Are cuts to Children's Services a savings if kids are going to school hungry?
Is it right to characterize as savings the $11 million in wages and benefits the city no longer has to pay after contracting out garbage collection? The workers affected are now earning half what they used to. Does that add up to a win for the overall economy? It doesn't.
And neither does the fact that we're paying more in user fees - $30 million more since Ford took office. That's a tax, right?
That's not the level Ford is operating on. And neither is the public, yet, by and large.
It may seem illogical, but the call-in poll during the debate that gauged the public's trust in the candidates - Ford was right up there with Olivia Chow, no matter what lies he seemed to be telling - indicates that this mayoral race is making little sense so far.
Perhaps that's just the unreality we live in. After four years of lies, the truth isn't easily discerned. That's especially clear on the transit file, the debate that's become a metaphor for what ails Toronto.
Ford claimed during the debate not to have cut "one red cent" from the TTC budget. And he seemed to be backed by former TTC chair Karen Stintz, who should know better. Some $75 million has been chopped from the city's subsidy to the TTC under Ford. Fares have risen, too, as have loading standards on TTC vehicles, leading to more overcrowding.
Rewind to March 20 and Chow's presser at the corner of Jane and Wilson to announce her "better bus service plan," a modest $15 million investment aimed at boosting service on the most heavily used routes by 10 per cent.
It would seem a sensible solution to provide relief in the short term, except the scribes in attendance focused instead on why she supports LRT in Scarborough over the subway extension being pushed by Ford et al.
The answer, of course, is that a subway will take 10 years to build, cost $1 billion and necessitate tax increases for the next 30 years. And Chow's the one being called the tax-and-spender in this race.
Ford's stubway: his second billion-dollar lie.
SIZING UP FORD's NUMBERS
Remember Rob Ford's promise not to cut services? Turns out the bulk of his billion-dollar savings claim are actually cuts. Here's a line-by-line of the top 10.
$74.2 million Toronto Transit Commission
$32.5 million Toronto Police Service
$18.4 million Shelter, Support and Housing Administration
$15.6 million Transportation Services
$13.7 million Children's Services
$12.9 million Employment and Social Services
$11.7 million Parks, Forestry and Recreation
$11.2 million Toronto Public Library
$7.9 million Fire Services
$7.2 million Facilities Management and Real Estate
Under the "Other" category
$353.9 million of "reductions," most of them related to benefits, compensation and service changes at the TTC. And $36 million of "savings" in debt service costs due to lower interest rates.

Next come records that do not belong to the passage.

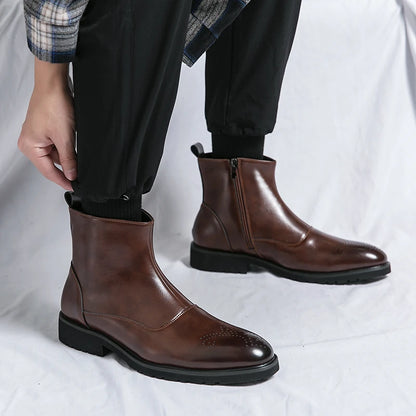 RAVENMOOR CHELSEA BOOTS - MEN’S LEATHER ANKLE BOOTS WITH SIDE ZIPPER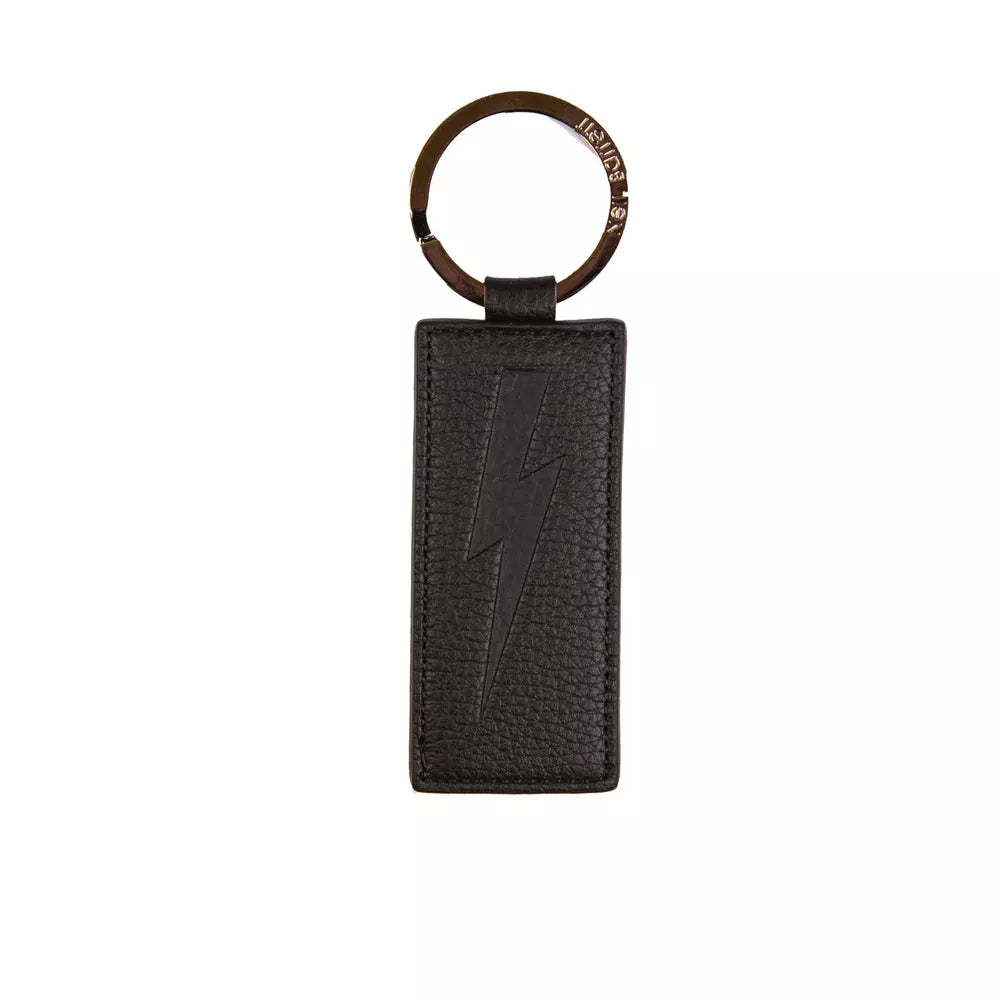 "Black Leather Men Keychain"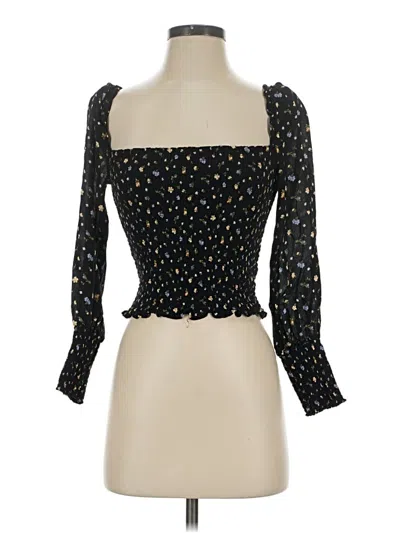 Pre-owned Reformation Long Sleeve Blouse In Black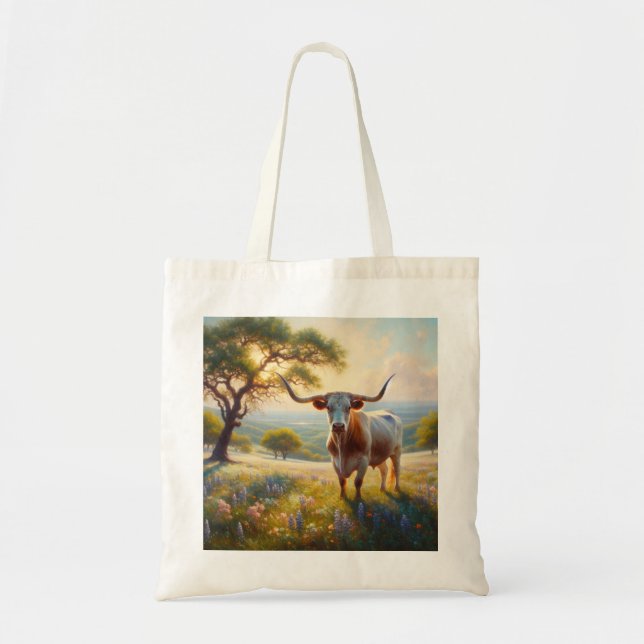 Tote Bag Vache à landes du printemps du Texas (Devant)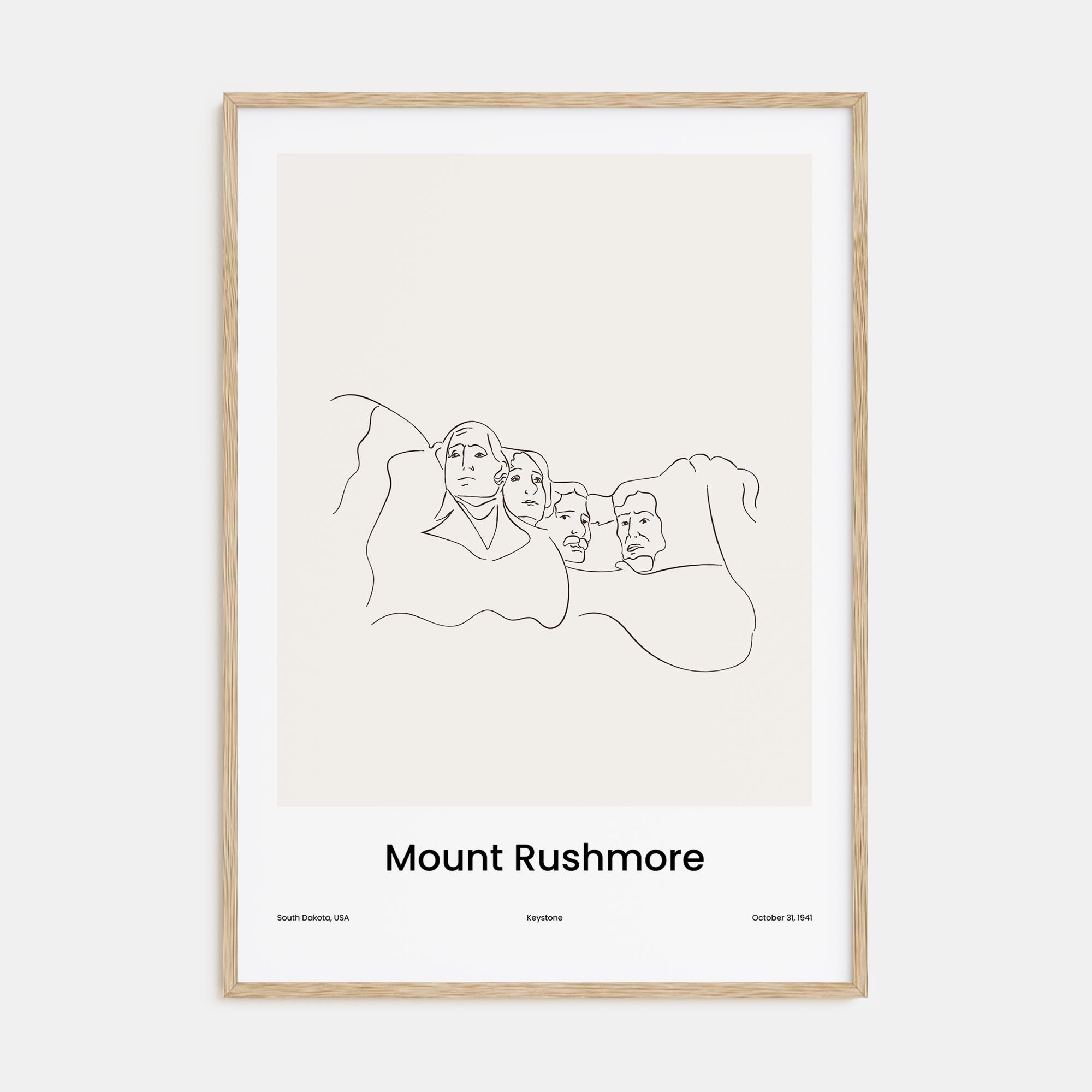 Mount Rushmore Drawn Poster
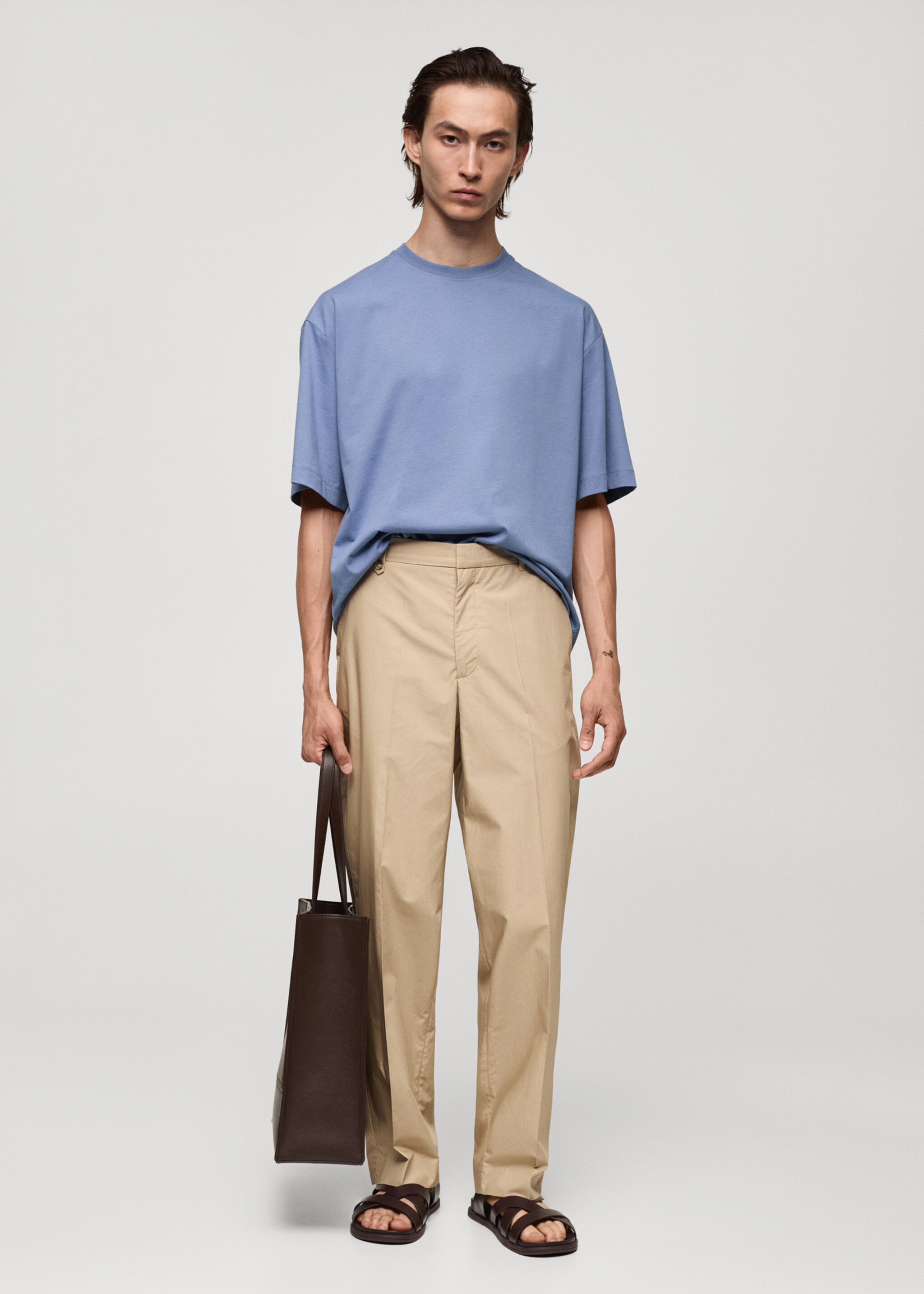 Regular-fit 100% cotton trousers - General plane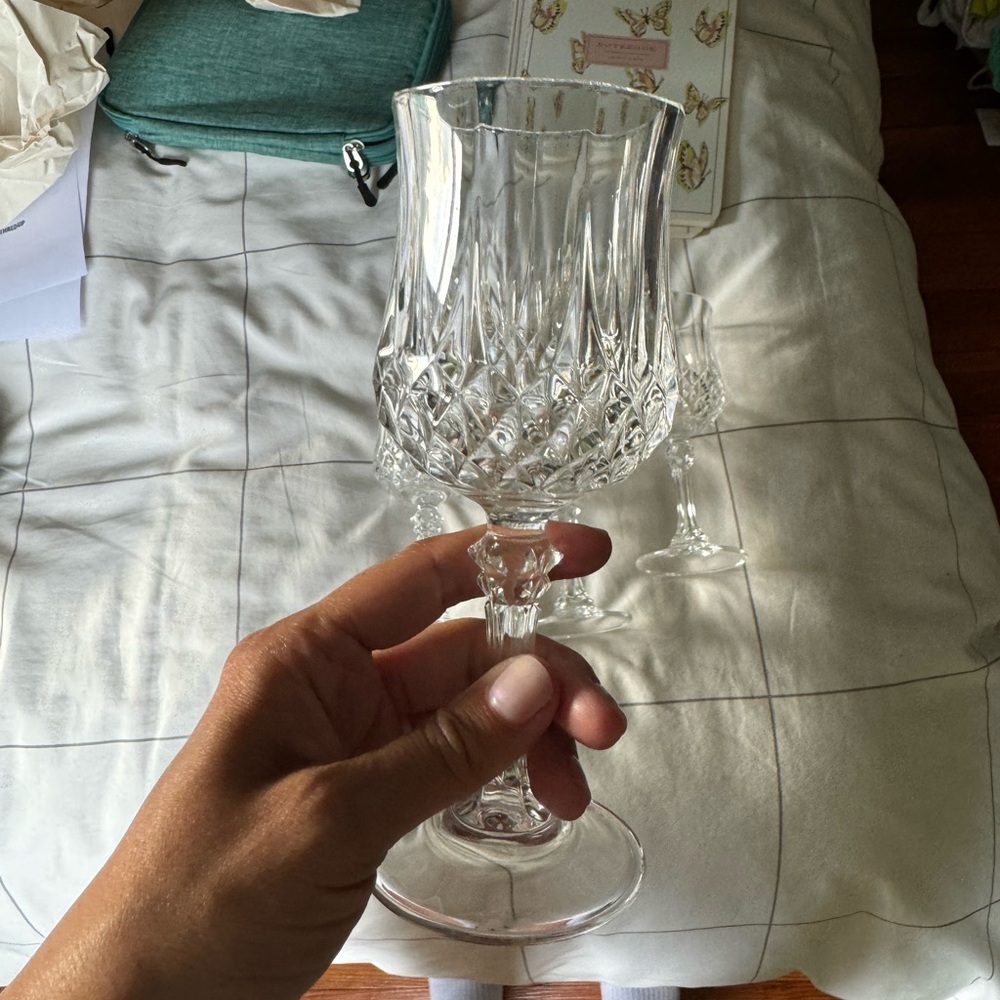 Anthropologie Clear Crystal Wine Glass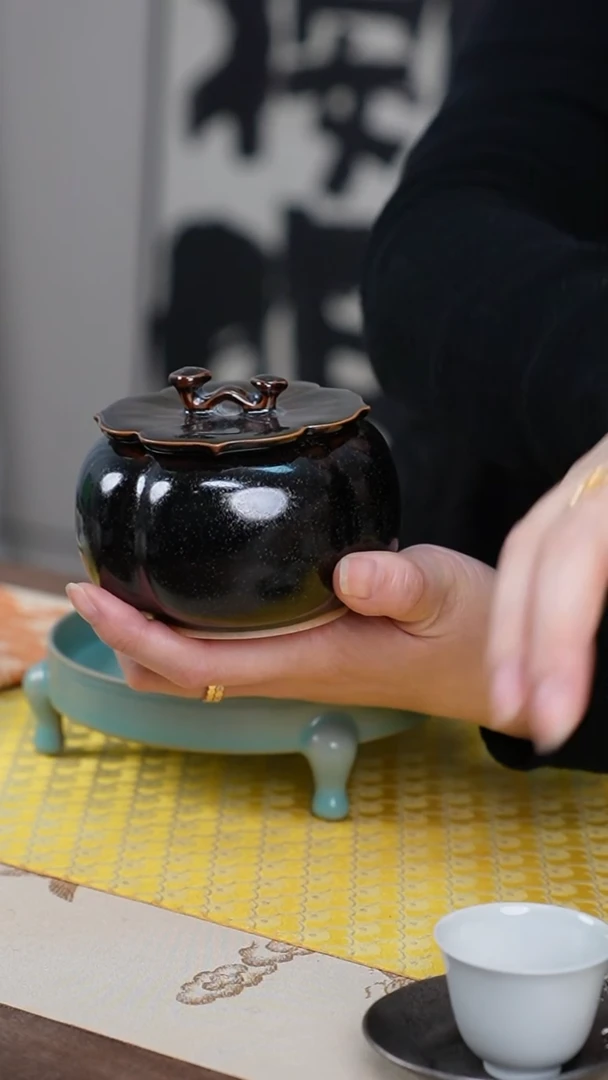 【闪购商品】钧窑柿柿如意茶叶罐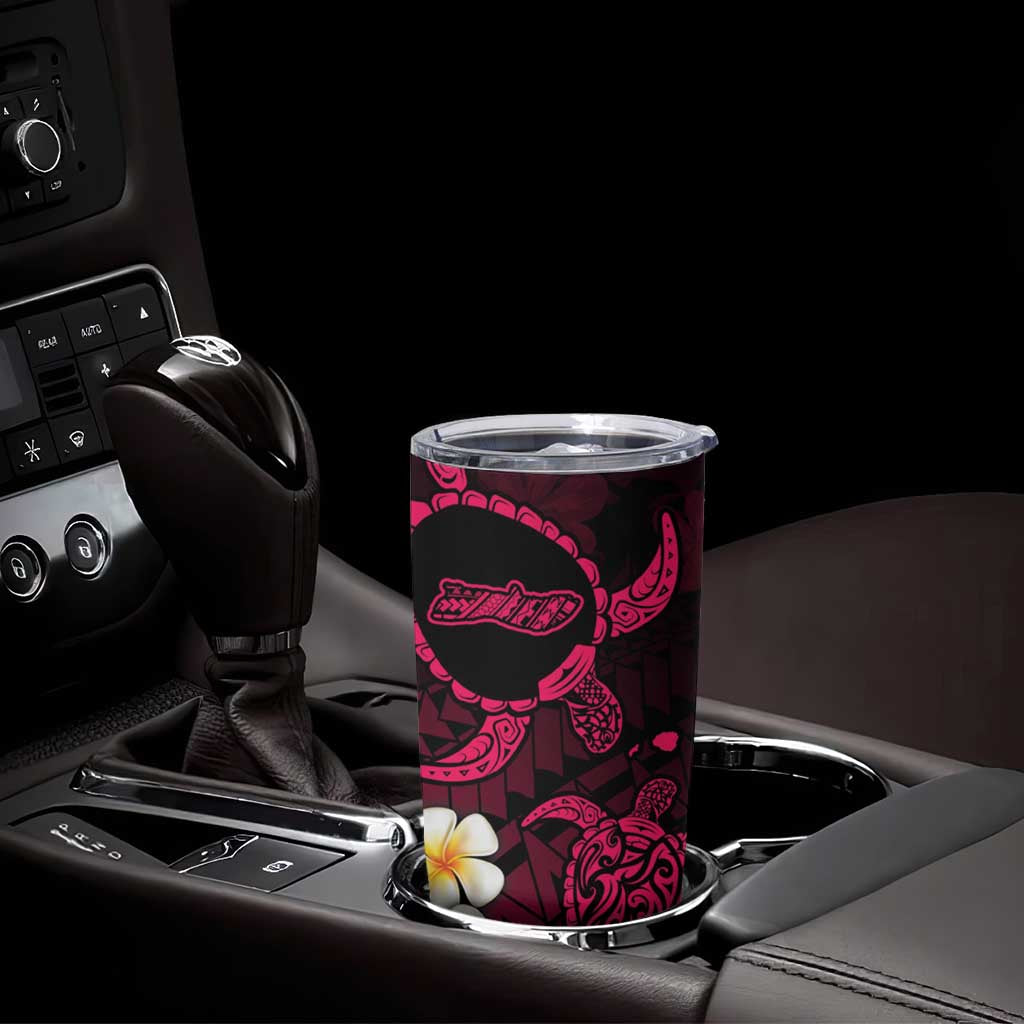 Hawaii Molokai Islands Pacific Plumeria Tumbler Cup Pink Polynesian Tattoo LT9 - Polynesian Pride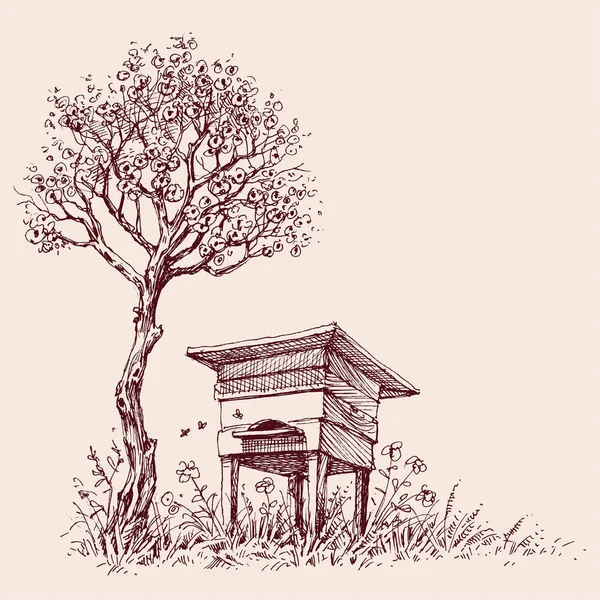 盛开的树下的蜂巢 — 图库矢量图片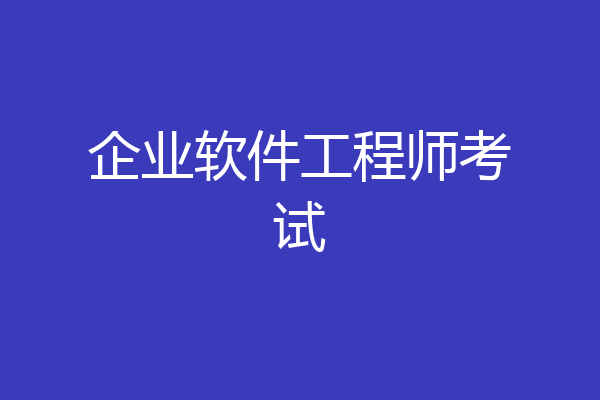 企业软件工程师考试
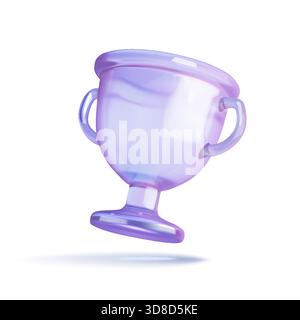 A digitally rendered image of an elegant iridescent trophy cup with a soft reflective surface. The trophy is suspended slightly above a simple white s Stock Vector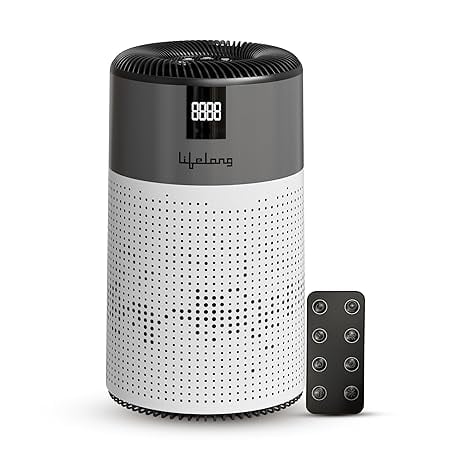 Lifelong Smart Air Purifier for Home & Office | Pre-Filter, H13 True HEPA Activated Filter | 600sqft Coverage Area | 400m³/hr CADR | Realtime AQI Display | Removes Dust, Smoke, & Pollen (LLAP001) - Image 4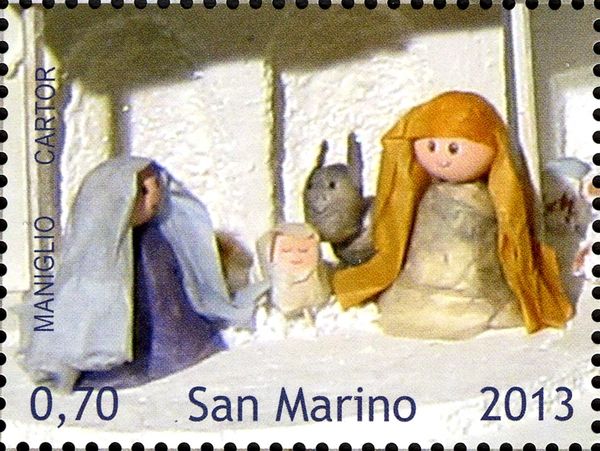 Nativity painted Styrofoam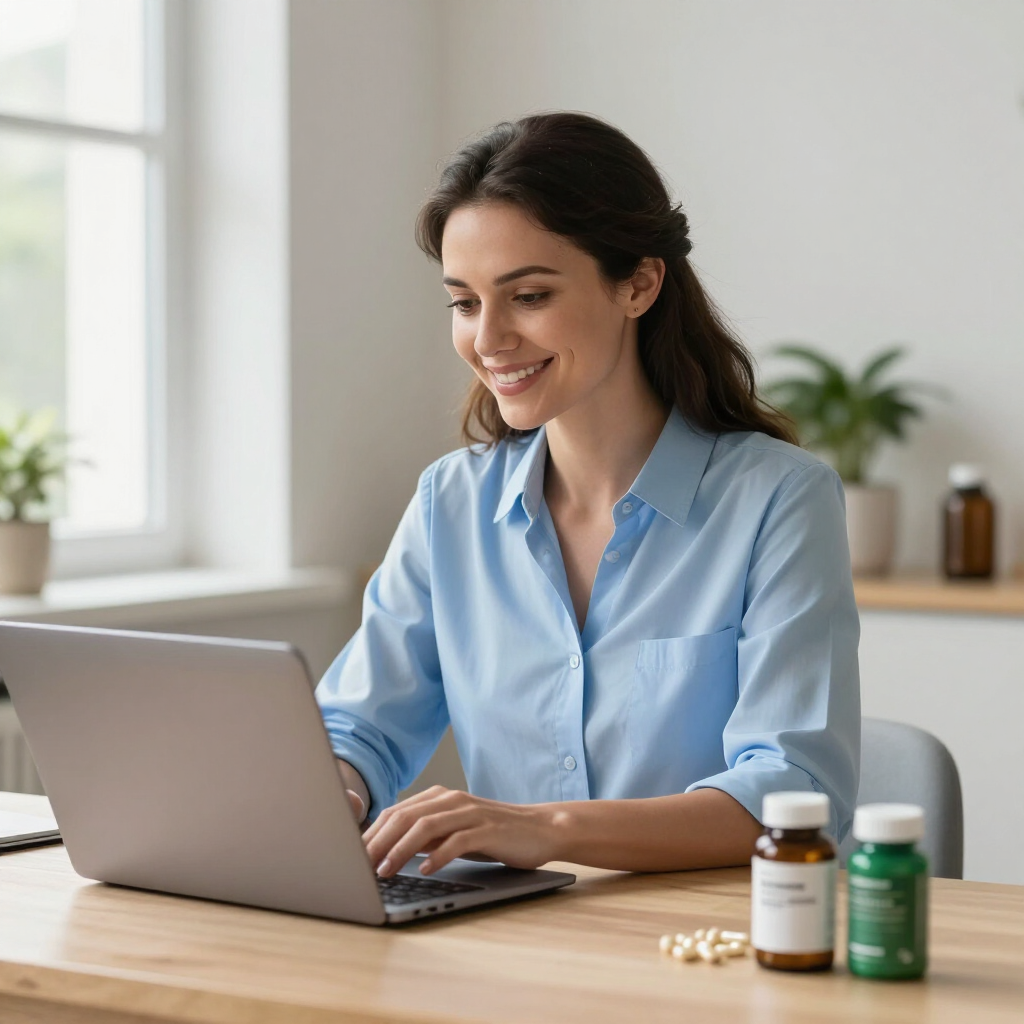 Woman smiling while typing on a laptop at a desk with medicine bottles nearby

The mayor likes to say that contracts signed with unions on his watch saved taxpayers tens of millions of dollars. But more than half of the $138.2 million in total collective agreement savings is from "productivity efficiencies and productivity gains." The rest is reductions in benefits.
Savings to taxpayers that the mayor can rightly claim (mostly)
$6.4 million From reduced council and mayor's office budget
$44.8 million From contracting out garbage
$200 million From doing away with the Personal Vehicle Tax, but lost revenue can't be counted as a saving.
Meanwhile, user fees have increased by $30 million under Ford.